EXERCISE AIM:
Using the data below, set down every line from the one containing "Nuisette babydoll beige" through the one containing "Fletcher Living base", inclusive and unchanged. Pictures are to be skipped.

MATERIAL SUPPLIED:
- - -
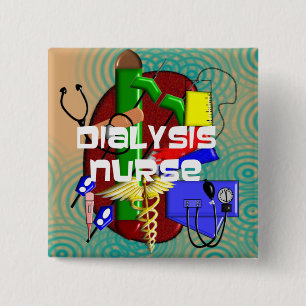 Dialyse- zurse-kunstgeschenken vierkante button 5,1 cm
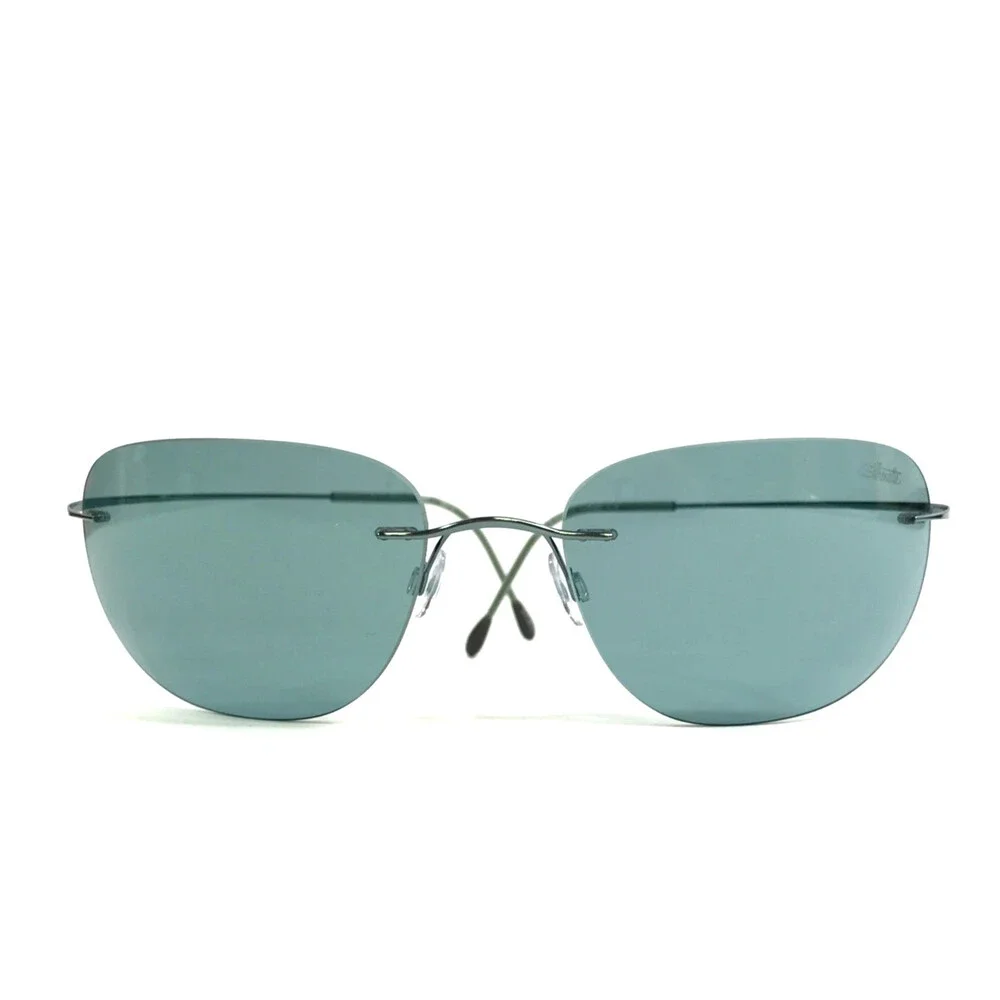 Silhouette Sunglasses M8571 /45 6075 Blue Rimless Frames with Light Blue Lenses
- - -
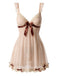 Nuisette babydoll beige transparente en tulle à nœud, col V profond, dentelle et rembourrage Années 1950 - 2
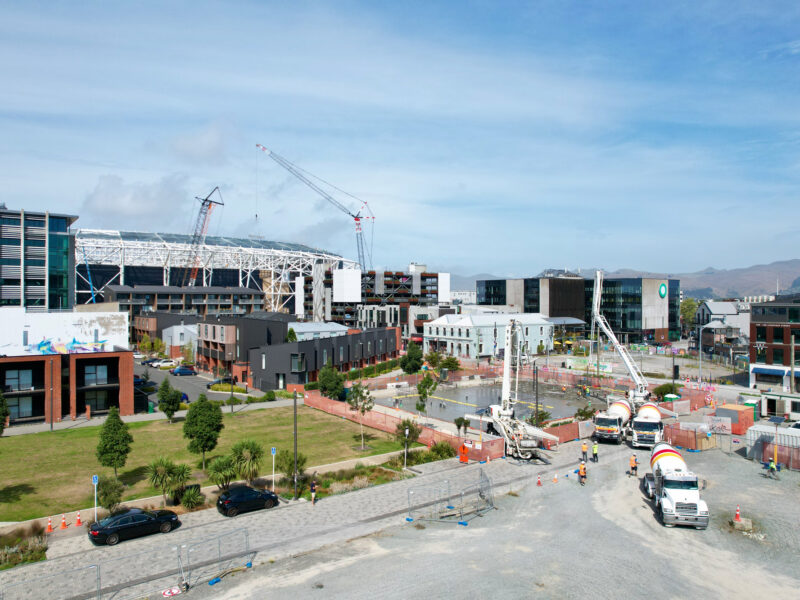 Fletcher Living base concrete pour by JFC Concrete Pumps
- - -
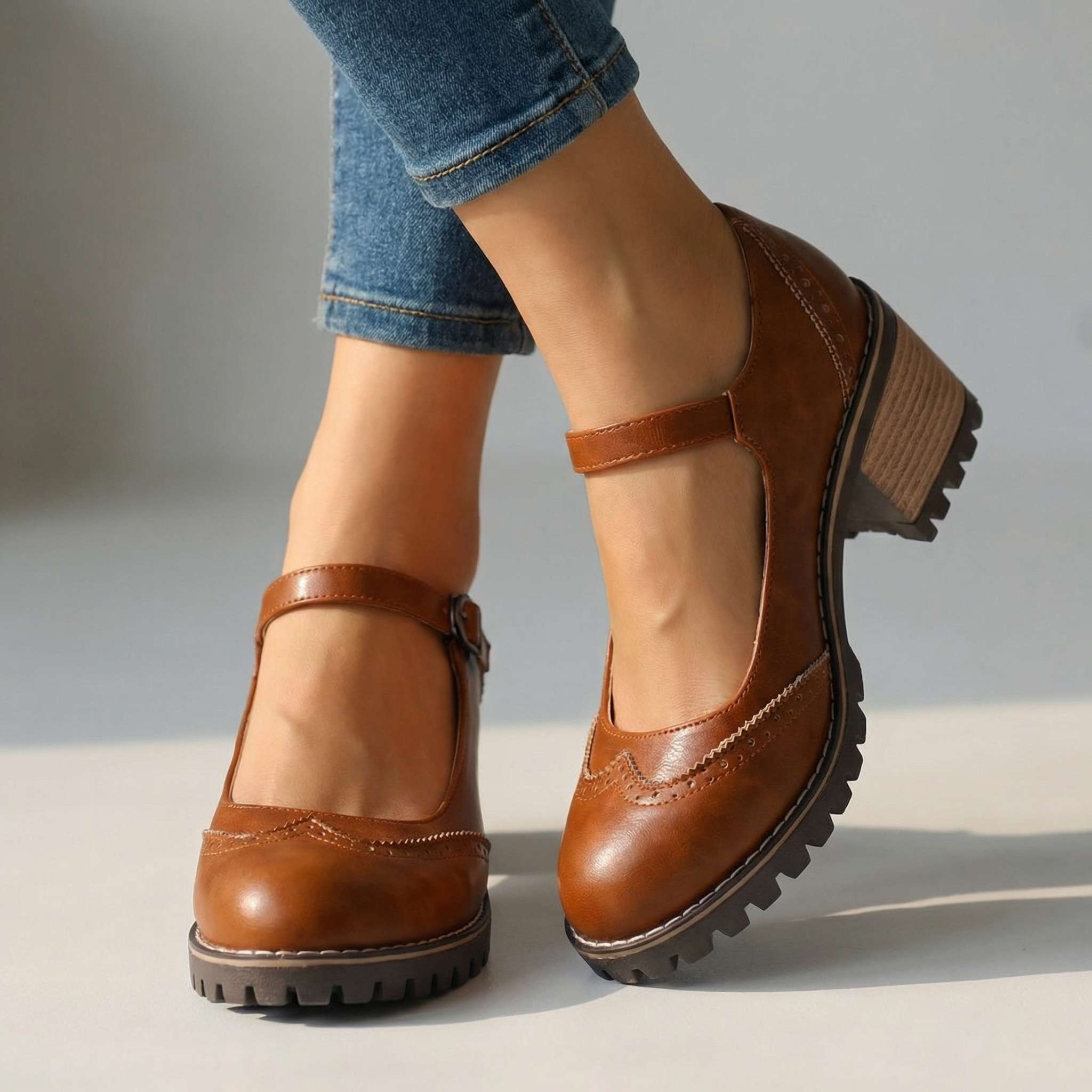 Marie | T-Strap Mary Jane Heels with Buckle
- - -
RESULT:
 Nuisette babydoll beige transparente en tulle à nœud, col V profond, dentelle et rembourrage Années 1950 - 2
 Fletcher Living base concrete pour by JFC Concrete Pumps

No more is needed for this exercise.